El dios detrás de la ventana (Michael Krüger)

El comienzo de la calle Velázquez de Madrid es un rincón extraño, casi mágico. Ignoro de qué modo están programados los semáforos de la calle de Alcalá (la única desde la que se accede a ese torrente que cruza de principio a fin el Barrio de Salamanca) pero lo cierto es que, alternativamente, se ven pasar a los coches al galope e, inmediatamente después, por unos minutos, que a mí me han parecido a veces abstractas edades, uno se encuentra allí completamente sólo, en plena ciudad, a la sombra de los castaños del Parque del Retiro, y puede cruzar el antiguo bulevar a paso lento como en un sueño; más de una vez al dirigirme hacia La Corralada desde el Wellington me he vuelto y me ha parecido ver despuntar el Torreón sobre el hotel viejo, y entrever a Ramón Gómez de la Serna jugar a vestir y desvestir sus muñecas y sus textos. Tras una conversación de dos horas, nos levantamos de una terraza en la segunda manzana de los números impares, frente al imponente edificio de Mathet hijo (en los números 14-16), y Michael Krüger me dice, mientras miraba las admirables proporciones de una arquitectura colorista y a escala humana: “En todo Múnich no encontrará Ud. un solo edificio como éste”. Krüger, el mítico director de la editorial alemana Hansel, el editor de Canetti, de Cioran y de Julien Green, presentaba El dios detrás de la ventana, un nuevo libro de relatos que la editorial La Huerta Grande acaba de publicar.

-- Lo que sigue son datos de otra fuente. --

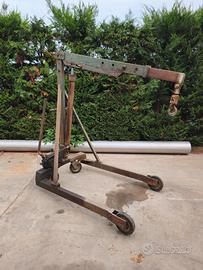 gruetta a carrello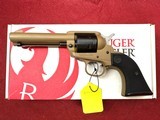 Ruger Wrangler Flat Dark Earth .22LR * No Credit Card Fees * - 2 of 3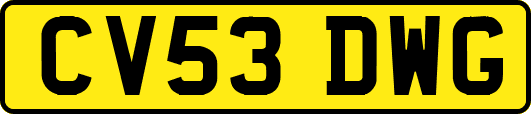 CV53DWG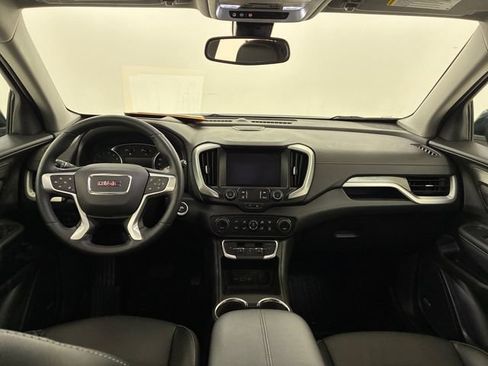 Certified 2024 GMC Terrain SLT w/ Infotainment Package II AWD/4WD image 20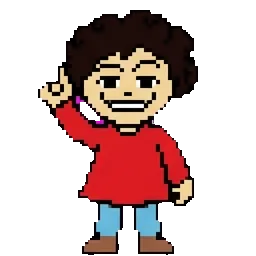 Freaktime sprite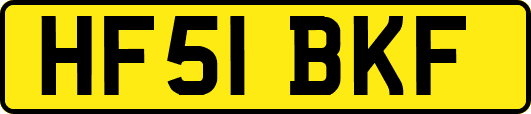 HF51BKF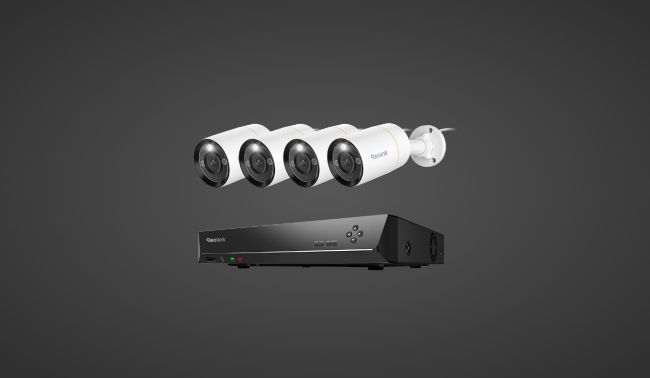 Reolink RLK8-1200B4-A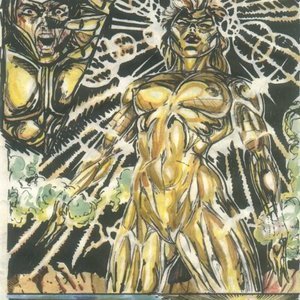 X-Men - Issue 1 (Pandoras Box Comics) image 014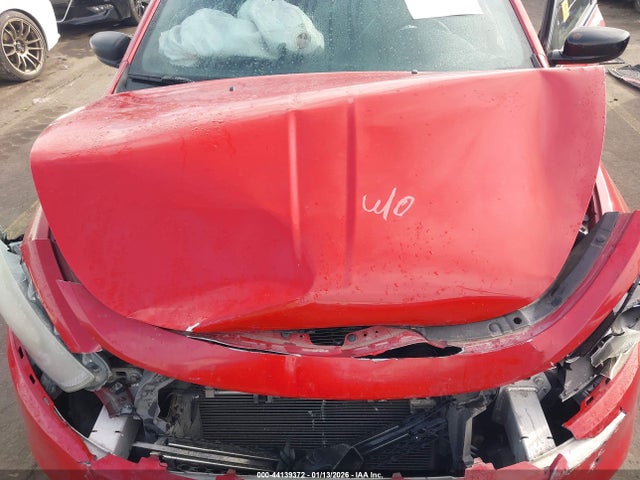 1C3CDFEB4FD392503 Dodge DART GT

Como si quisiera advertirme desde el minuto uno, mientras sacaba yo un papel en el que apuntar cuidadosamente sus respuestas, me suelta que prefiere que no le pregunte “por su fina ironía”. En concreto me dice que “hace tiempo que las pilas de la ironía están en mí completamente gastadas. Solo me interesa la verdad”. Lo cierto es que yo no pensaba hacerlo: comenzando por el título del libro, casi nada en su él me parece irónico; si acaso, sarcástico, lo que siempre demuestra ser una actitud humana desacorde con la ironía. Yo lo que siento todo el tiempo, en esas historias más narrativas que reflexivas, es la nostalgia depresiva de una voz para la que, aparentemente, ya nada merece la pena. “Exacto, me dice. Por ejemplo: cuando hablo de mi abuelo, en “El ojo de cristal”, digo eso, pero también he escrito que para mi abuelo “lo único por lo que merecía la pena seguir en el mundo era yo” (119). “Pues no es poco”, le respondo. “Me crié con mis abuelos en un pueblo muy pequeño y muy pobre. Era después de la Guerra y les habían desposeído de su granja y confinado en una habitación estrecha. Eso añadía pobreza a la miseria. Dormíamos los tres en la misma cama. Era cerca de Buchenwald y de Weimar. En la casa sólo había dos libros. La Biblia, de mi abuela. Y un tratado de botánica, de mi abuelo. Eso marcó mi vida. Y sobre todo eso, un hecho que ahora me viene constantemente a la cabeza: en medio de aquella vida, dura para todos menos para mí que me sentía querido, yo oía a mi abuela hablar directamente con Dios. Se dirigía a Él primero con delicadeza pero después le regañaba. Cuando terminaba de quejarse, le decía que no obstante le daba las gracias por haberles mandado a su nieto. Era yo. Eso no se me olvidará nunca. En ese último relato del libro está Alemania. Está todo, porque está mi infancia”.
En los relatos de El dios detrás de la ventana casi todo comienza con un mal entendido, las historias se desarrollan a trompicones y acaban sin acabar. Los personajes están enfermos o atribulados y con poco que hacer, lo que Krüger y yo convenimos que, llegada una edad, no tiene nada de particular. El único que se declara feliz es un escritor que ya no tiene nada que escribir. La mirada del narrador, en sus momentos más lúcidos e incisivos, despliega el horror ante el mundo y las cosas (sean unas bicicletas, una pizzería mediocre o la pantalla un teléfono móvil). La vida es una fantasmagoría. Y ese horror es de naturaleza metafísica, el peor de los posibles. Es como si el deus occasionatus de Nicolás de Cusa no aprovechara el instante para implantar en la realidad a lo finito. Entonces, ¿qué queda? “La música me mantiene con vida – dice el abrazárboles, el protagonista de otra historia central en el libro” (44) La música, sí, y también el deseo erótico que asoma en las mejores páginas, revelan que acaso hay alguien mirando detrás de la ventana ante quien uno puede expresar discretamente un elogio o una queja.